This subroutine reads an DFIT output file containing the axisymmetric magnetic field geometry on a rectangular domain defined by the coordinates (R,Z).
Type | Intent | Optional | Attributes | Name | ||
---|---|---|---|---|---|---|
class(deq_type), | intent(inout) | :: | self | |||
type(geo_input_type), | intent(in) | :: | inputs |
subroutine read_and_set(self, inputs)
use mp, only: mp_abort
use geo_utils, only: sort
implicit none
class(deq_type), intent(in out) :: self
type(geo_input_type), intent(in) :: inputs
real, dimension(:), allocatable :: spsi_bar, sdfit_R, sdfit_Z, rbbbs, zbbbs, eq_R, eq_Z, f, p, q
real, dimension(:, :), allocatable :: sdfit_psi
real :: rwid, zhei, bcentr, delta_R, delta_Z, lref, bref
integer :: i, j, jmin, jmax, nw_in, nh_in, funit, nbbbs, nrho
logical :: eqnorm_exists
self%type_name = 'deq'
! Need to generalize initialization condition if equilibrium changes
lref = 0. ; bref = 0.
! read eqnorm file if exists
inquire(file = trim(inputs%eqnormfile), exist = eqnorm_exists)
if (eqnorm_exists) then
open(newunit = funit, file = trim(inputs%eqnormfile), status='old', form='formatted')
read(funit, *) lref, bref
close(funit)
end if
self%filename = trim(adjustl(inputs%eqfile))

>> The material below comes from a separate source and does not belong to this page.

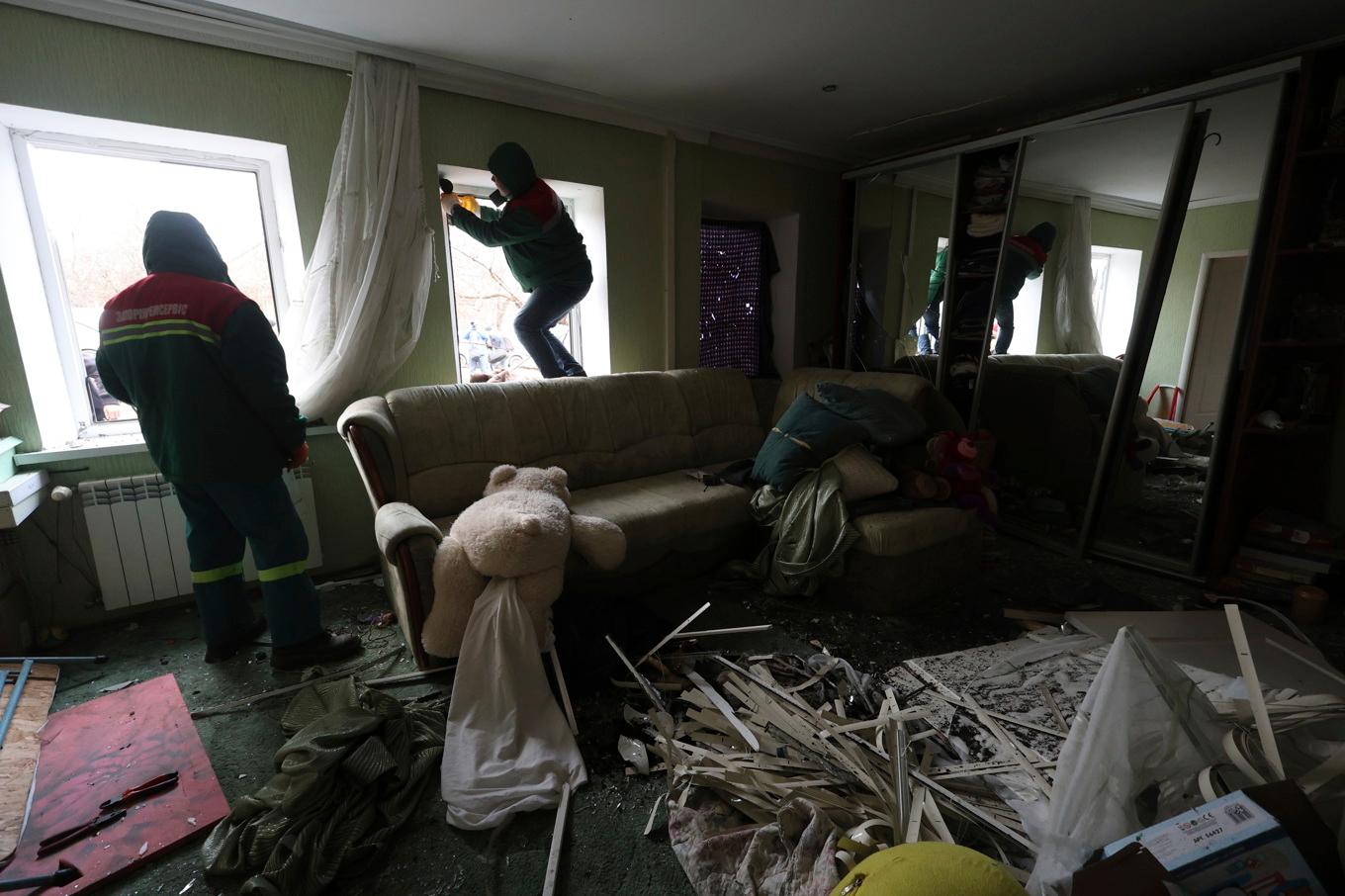 Uppröjning i ett ukrainskt hus som träffades av en rysk drönare under måndagen. Foto: Kateryna Klochko/AP/TT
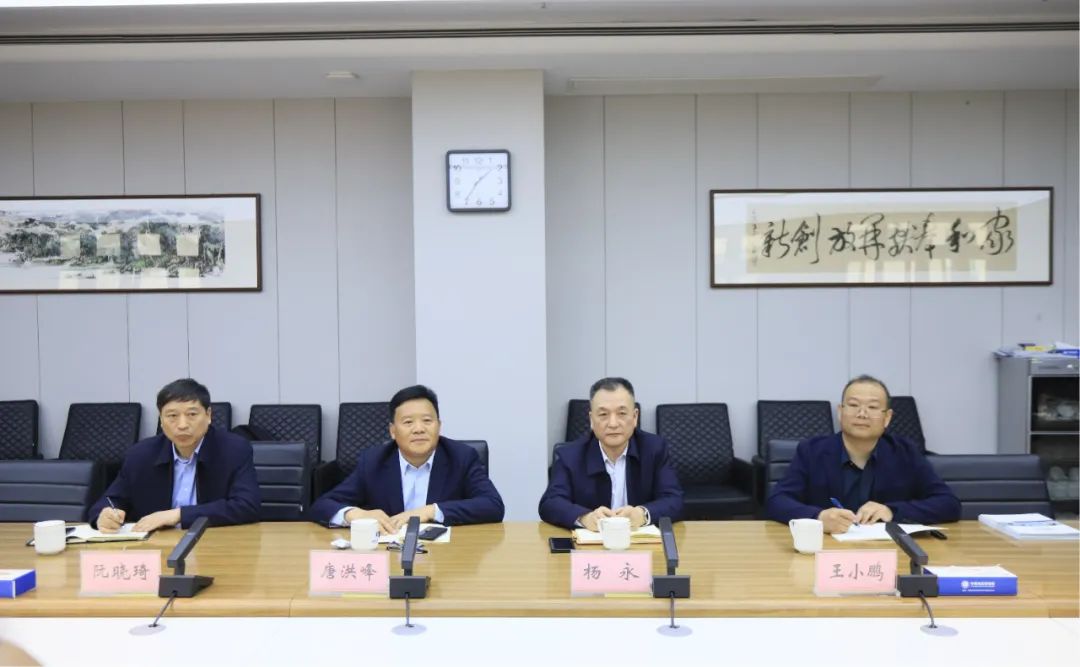 花花牛乳業(yè)集團(tuán)黨委書記、董事長(zhǎng)唐洪峰一行赴中原食品實(shí)驗(yàn)室同中國(guó)工程院院士、中原食品實(shí)驗(yàn)室主任任發(fā)政座談交流 花花牛乳業(yè)集團(tuán)黨委書記、董事長(zhǎng)唐洪峰一行赴中原食品實(shí)驗(yàn)室同中國(guó)工程院院士、中原食品實(shí)驗(yàn)室主任任發(fā)政座談交流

open(newunit = funit, file = self%filename, status='old', form='formatted')
! Read the data
read(funit, *) nw_in, nh_in, nrho
allocate (self%rho_mid(nrho), self%psi_mid(nrho))
allocate(spsi_bar(nw_in), sdfit_R(nw_in), sdfit_Z(nh_in), sdfit_psi(nw_in, nh_in))
allocate(eq_R(self%nw), eq_Z(self%nh), f(nw_in), p(nw_in), q(nw_in))
read(funit, 2020) rwid, zhei
read(funit, 2020) self%R_mag, self%Z_mag
read(funit, 2020) self%psi_0, self%psi_a, bcentr
f = 0 ; q = 0
read(funit, 2020) (p(j), j = 1, nw_in) ! pressure read
read(funit, 2020) ((sdfit_psi(i,j) , i = 1, nw_in) , j = 1, nh_in)
! Only needed for irho = 4
read (funit, 2020) (self%rho_mid(i), i = 1, nrho)
read (funit, 2020) (self%psi_mid(i), i = 1, nrho)
close(funit)
! pbar is defined by pbar = (psi-psi_0)/(psi_a-psi_0)
! fp and q are functions of pbar
do i = 1, nw_in
spsi_bar(i) = float(i - 1) / float(nw_in - 1)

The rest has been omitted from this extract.